We have recently found that cannabinoid receptor activation in the BLA using the CB1/2 receptor agonist WIN can prevent the stress-induced enhancement of inhibitory avoidance conditioning as well as the stress-induced disruption of extinction [24]. Intra-BLA WIN was also found to prevent trauma induced alterations in avoidance and acoustic startle response in a rat model of PTSD [37]. Hence, we aimed to examine here whether WIN microinjected into the BLA would block the effects of stress on performance in the object location task.

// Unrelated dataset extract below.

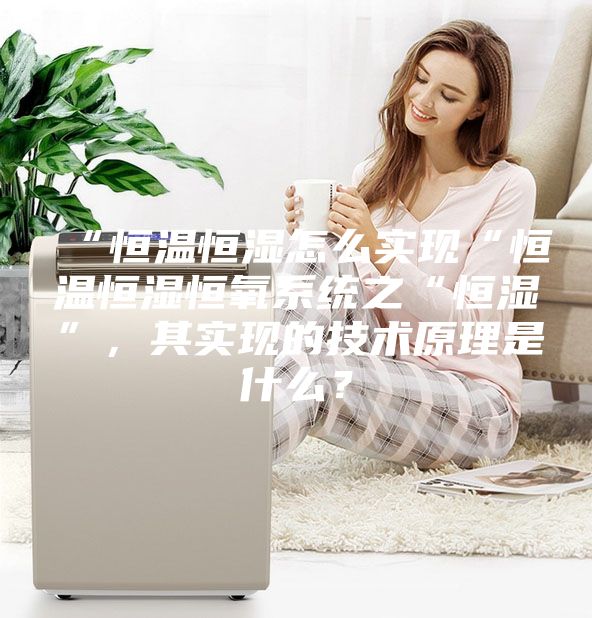 “恒溫恒濕怎么實(shí)現(xiàn)“恒溫恒濕恒氧系統(tǒng)之“恒濕”，其實(shí)現(xiàn)的技術(shù)原理是什么？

Immediately after the sample phase, rats were microinjected with vehicle into the BLA and taken to their home cage (Vehicle, n = 8); microinjected with vehicle and subjected to the EP stress (EP, n = 8); microinjected with WIN and subjected to the EP (WIN+EP, n = 8); or microinjected with WIN (WIN, n = 8; Fig. 6a). ANOVA revealed a significant difference between the groups in discrimination index on day 2 (F_(3,28) = 3.017, P = 0.046). Post hoc comparisons revealed that the Vehicle group spent significantly more time exploring the new location compared with the EP (P = 0.007) and WIN (P = 0.047) groups. As no significant difference was found between the vehicle and WIN+EP groups, we tested the difference between the discrimination index and the 0.5 chance level using a one-sample t-test. The vehicle group was significantly different from chance level (t₍₇₎ = 3.625; P = 0.008), but not the WIN+EP group (t₍₇₎ = 2.1, NS), suggesting that the WIN+EP group did not consolidate the task. There was no significant difference between the groups in discrimination index during the sample phase (F_(3,28)<1, NS).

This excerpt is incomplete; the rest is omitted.